### TASK REQUIREMENTS
Your answer should be an exact copy of the lines from the start of the entries to the line containing "Villa in vendita a Montefortino, Centro", both included.

### GIVEN DATA

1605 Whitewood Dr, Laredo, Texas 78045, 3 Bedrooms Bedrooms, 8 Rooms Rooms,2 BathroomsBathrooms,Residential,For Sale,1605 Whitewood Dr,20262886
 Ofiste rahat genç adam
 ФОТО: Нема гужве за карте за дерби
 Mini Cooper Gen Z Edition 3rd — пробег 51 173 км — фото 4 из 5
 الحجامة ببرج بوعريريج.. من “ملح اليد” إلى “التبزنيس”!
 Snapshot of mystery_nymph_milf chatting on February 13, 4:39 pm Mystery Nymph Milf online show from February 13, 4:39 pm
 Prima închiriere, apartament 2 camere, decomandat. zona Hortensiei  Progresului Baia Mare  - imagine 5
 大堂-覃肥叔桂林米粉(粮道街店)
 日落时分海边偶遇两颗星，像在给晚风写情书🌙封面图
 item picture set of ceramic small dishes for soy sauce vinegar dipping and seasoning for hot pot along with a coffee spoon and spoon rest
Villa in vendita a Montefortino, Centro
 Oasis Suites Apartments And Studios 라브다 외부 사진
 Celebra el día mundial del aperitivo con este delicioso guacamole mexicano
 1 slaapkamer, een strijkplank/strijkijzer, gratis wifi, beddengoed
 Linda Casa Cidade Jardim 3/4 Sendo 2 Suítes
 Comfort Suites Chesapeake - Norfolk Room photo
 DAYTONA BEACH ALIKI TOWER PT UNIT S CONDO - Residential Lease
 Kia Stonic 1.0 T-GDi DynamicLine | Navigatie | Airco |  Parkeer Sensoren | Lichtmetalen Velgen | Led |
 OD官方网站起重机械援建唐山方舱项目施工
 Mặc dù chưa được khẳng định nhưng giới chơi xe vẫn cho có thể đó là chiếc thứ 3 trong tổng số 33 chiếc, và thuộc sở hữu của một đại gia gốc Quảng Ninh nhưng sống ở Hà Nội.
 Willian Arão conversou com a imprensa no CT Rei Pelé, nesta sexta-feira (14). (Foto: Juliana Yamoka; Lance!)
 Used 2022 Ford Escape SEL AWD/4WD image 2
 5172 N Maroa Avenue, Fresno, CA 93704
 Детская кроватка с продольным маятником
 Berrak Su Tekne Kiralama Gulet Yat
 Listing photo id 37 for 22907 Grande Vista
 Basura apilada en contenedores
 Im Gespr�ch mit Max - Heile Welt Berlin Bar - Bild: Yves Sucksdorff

### RESULT
1605 Whitewood Dr, Laredo, Texas 78045, 3 Bedrooms Bedrooms, 8 Rooms Rooms,2 BathroomsBathrooms,Residential,For Sale,1605 Whitewood Dr,20262886
 Ofiste rahat genç adam
 ФОТО: Нема гужве за карте за дерби
 Mini Cooper Gen Z Edition 3rd — пробег 51 173 км — фото 4 из 5
 الحجامة ببرج بوعريريج.. من “ملح اليد” إلى “التبزنيس”!
 Snapshot of mystery_nymph_milf chatting on February 13, 4:39 pm Mystery Nymph Milf online show from February 13, 4:39 pm
 Prima închiriere, apartament 2 camere, decomandat. zona Hortensiei  Progresului Baia Mare  - imagine 5
 大堂-覃肥叔桂林米粉(粮道街店)
 日落时分海边偶遇两颗星，像在给晚风写情书🌙封面图
 item picture set of ceramic small dishes for soy sauce vinegar dipping and seasoning for hot pot along with a coffee spoon and spoon rest
Villa in vendita a Montefortino, Centro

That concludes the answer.